Solution: Standardized coefficients.
$\hat{\beta}stand = \hat{\beta}*sd(X)/sd(Y)$ where
$\hat{\beta}stand$ is the standardized coefficient estimate of
$\hat{\beta}$
$sd(X)$ is the standard deviation of X
$sd(Y$) is the standard deviation of Y
# Theoretical Example
Let start with an illustration of OLS in a quite general way by
evaluating a rather artificial example
```{r message=FALSE, warning=FALSE}
n = 200
xone=seq(1:n)
yone = 1.5*xone + rnorm(n=n, mean = 3, sd=25)
plot(xone,yone)
olsone = lm(yone~xone)
summary(olsone)
plot(xone,yone,abline(lm(yone~xone)))
```
What happens, if we decrease the noise?
```{r}
n = 200
xtwo=seq(1:n)
ytwo = 1.5*xtwo + rnorm(n=n, mean = 3, sd=5)
plot(xtwo,ytwo)
olstwo = lm(ytwo~xtwo)
summary(olstwo)
plot(xtwo,ytwo,abline(lm(ytwo~xtwo)))
```
What happens, if the relationship was not linear?
```{r}
xthree=seq(1:n)
ythree = log(xthree) + rnorm(n=n, mean = 3, sd=0.5)
plot(xthree,ythree)
olsthree = lm(ythree~xthree)
summary(olsthree)
plot(xthree,ythree,abline(lm(ythree~xthree)))
```
We can solve this by tranforming our X variable
```{r}
logxthree = log(xthree)
plot(logxthree,ythree)
olsfour = lm(ythree~logxthree)
summary(olsfour)
plot(logxthree,ythree,abline(lm(ythree~logxthree)))
```
# Real Example
Let's use real data: the mpg data set (publicly available) is shipped
with ggplot2
The variables contained in the datset are:
manufacturer = manufacturer of the car
model = model
displ = engine displacement in liters
year = year of manufacturing
cyl = number of cylinders
trans = type of transmission (automatic/manual)
drv = drive type front, rear and 4-wheel
cty = city mileage in miles per gallon
hwy = highway mileage in miles per gallon
fl = fuel type
class = vehicle class (SUV etc.)
```{r}
library(ggplot2)
dat = mpg
hmile = lm(hwy~displ+year, dat=dat)
summary(hmile)
```
The $TSS$, $RSS$ and $ESS$ for our model are
```{r}
TSS = var(dat$hwy)*(nrow(dat)-1)
dat$errsq = (hmile$residuals)^2
RSS =sum(dat$errsq)
ESS=TSS-RSS
TSS
RSS
ESS
```
The $R^{2}$ can then be calculated manually as
```{r}
R_squared = ESS/TSS
R_squared
```
whereas the $F-statistic$ is calculated manually as
```{r}
fishstat = (ESS/(length(coefficients(hmile))-1))/
(RSS/(nrow(dat)-length(coefficients(hmile))))
fishstat
```
Of course, the above information together with any additional concerning
the coefficients, their standard errors and the corresponding $p-values$
is already included in the collective table above.
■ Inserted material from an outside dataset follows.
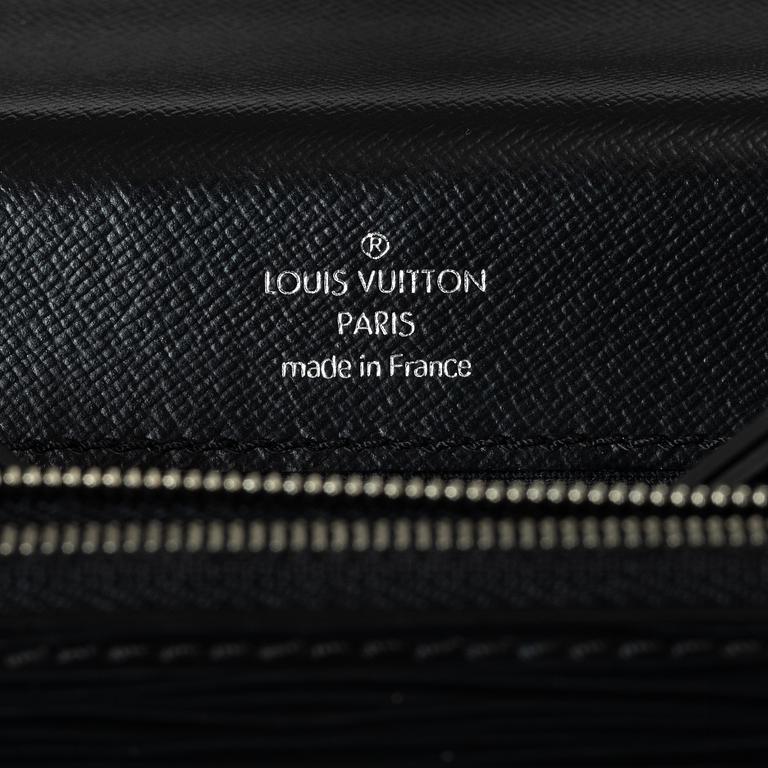 Louis Vuitton, Portfolio, "Neo Robusto", 2007.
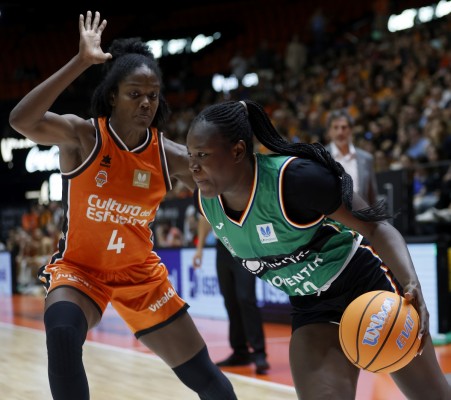 Un mermado Valencia Basket busca sellar su pase a semifinales con el impulso de la Fonteta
We realize
- The value of the $R^{2}=0.6$ is quite big, so the model explain
about 60% of the variation of $Y=hwy$
- The coefficient of $disp$ is **significant**(not zero) at any level
of significance(as $p-value <<1$)) whereas the coefficient of $year$
is **significant**(not zero) at a significance level of greater than
99%(as $p-value = 0.005 <0.01$)
- As already expected, the two variables are also jointly significant
at any level of significance (as $F-statistic = 173.5$ with
$p-value <<1$)
However, the fact the coefficients of the respective variables are
significant does not imply that the respective variable is also
important! To examine that we should standardize **the coefficients**
first
The standardized coefficient of $year$ becomes 0.118 from 0.156 whereas
that of $displ$ decreases from -3.611 to -0.783. We observe that the the
**variable** $displ$ **is not as important** as it would naively seem
without standardizing the coefficients.